Kejaksaan Vs Mafia Pajak
Ahmad Yani; Wakil Ketua F-PPP DPR RI, Anggota
Komisi III DPR RI
SUMBER : REPUBLIKA, 05 Mei 2012
Korps
Kejaksaan harus membuktikan mampu menghentikan sepak terjang mafia pajak. Ne
gara mengandalkan korps kejaksaan dalam upaya menyelamatkan dan mengamankan
potensi penerimaan dari sektor pajak.
Dengan
begitu, atas nama negara dan rakyat, Kejaksaan Agung bisa saja menempuh
kebijakan atau tindakan luar biasa untuk menekan tindak pidana perpajakan.
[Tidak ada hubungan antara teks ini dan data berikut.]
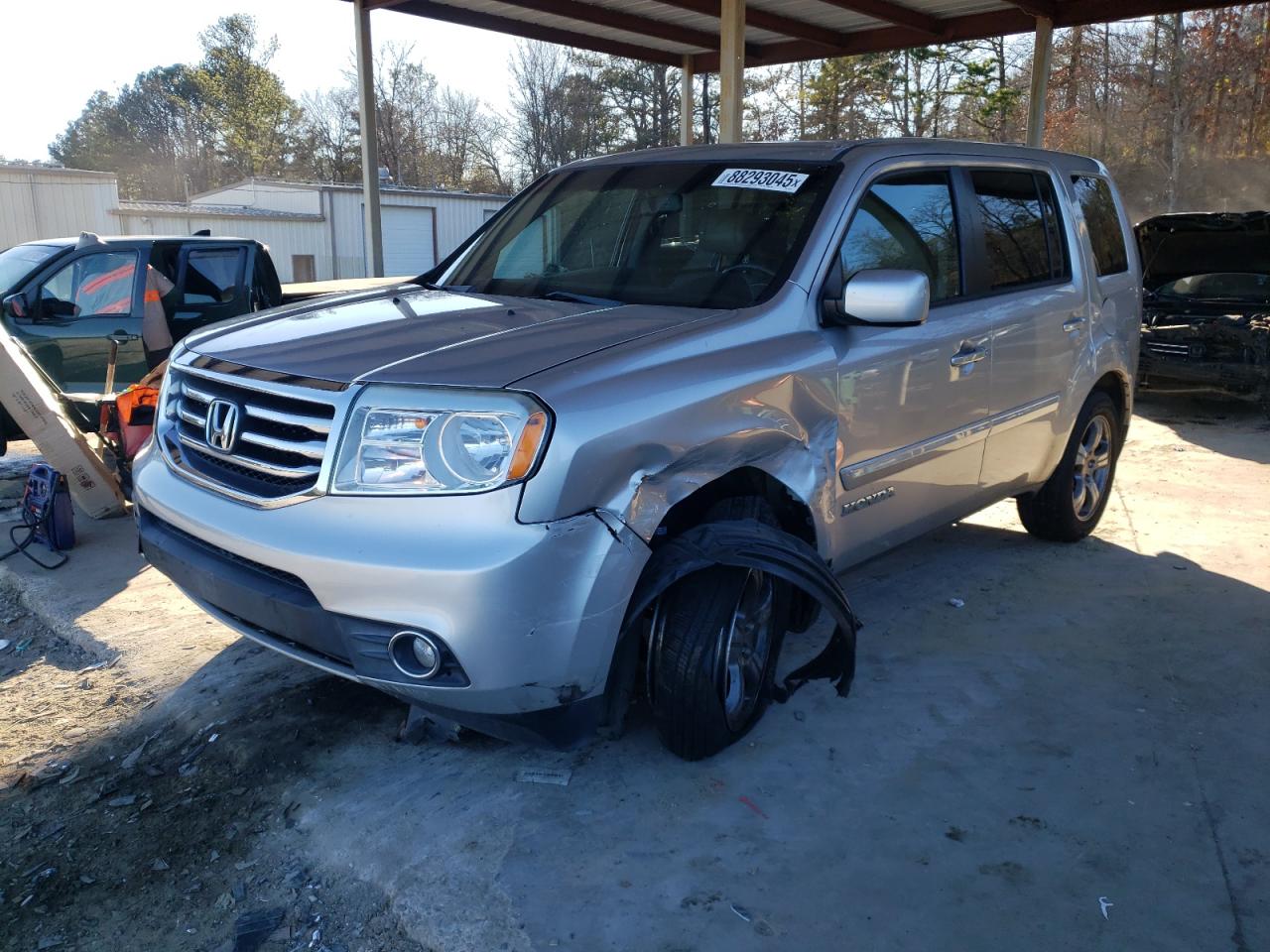 HONDA PILOT EXL 2014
Merespons pidana perpajakan dengan tindakan luar biasa amat diperlukan karena
negara tidak boleh lagi minimalis menghadapi kejahatan yang satu ini.
Aksi
mafia pajak dengan segala eksesnya adalah persoalan riil. Perampokan oleh mafia
pajak menyebabkan negara menderita kerugian besar. Seperti halnya kejahatan di
sektor perbankan, kejahatan perpajakan melibatkan sekelompok orang yang ahli
dalam bidang perpajakan, baik orang dalam Ditjen Pajak maupun wajib pajak (WP)
nakal. Orang yang awam akan sulit menemukan muatan pidana perpajakan dari aksi
sekelompok orang itu.
Mengacu
pada rangkaian kasus penggelapan dan manipulasi restitusi pajak, publik pun
sudah berkesimpulan bahwa jaringan mafia pajak berada di balik maraknya kasus
penggelapan pajak. Sebuah perkiraan kasar menyodorkan jumlah lebih dari Rp 300
triliun pajak negara yang dicuri setiap tahunnya.
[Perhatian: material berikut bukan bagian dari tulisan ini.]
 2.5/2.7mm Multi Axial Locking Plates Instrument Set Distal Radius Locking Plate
Jumlah yang sangat besar untuk bisa dikerjakan hanya oleh satu-dua oknum Ditjen
Pajak.
Dengan
begitu, negara, khususnya kejaksaan, harus all
out, tegas, dan militan memerangi pidana perpajakan yang dilakukan oknum
birokrasi negara. Kalau perlu, Kejaksaan Agung memosisikan kejahatan perpajakan
sederajat dengan kejahatan narkoba, mafia hukum, dan kejahatan korupsi.
Korps
kejaksaan dipastikan mampu menghadapi kejahatan perpajakan. Kemampuan itu
setidaknya sudah teruji dalam menangani kasus Gayus Halomoan Tambunan,
terpidana penggelapan pajak yang sudah dibui. Dalam menangani kasus ini, korps
kejaksaan bahkan mengungkap dan menindak langsung seorang jaksa senior yang
terbukti melakukan pelanggaran kode etik berupa tindakan jual beli rencana
tuntutan.
Langkah
itu menjadi bukti bahwa Korps Kejaksaan tegas dan militan dalam merespons aksi
mafia pajak. Memang, tantangannya sangat berat sebab yang dihadapi adalah
kelompok mafia berkekuatan besar dengan kemampuan finansial tak terbatas. Kalau
tidak tahan uji, kekuatan besar itu dengan mudah bisa merekayasa proses hukum
dan menciptakan peradilan sesat.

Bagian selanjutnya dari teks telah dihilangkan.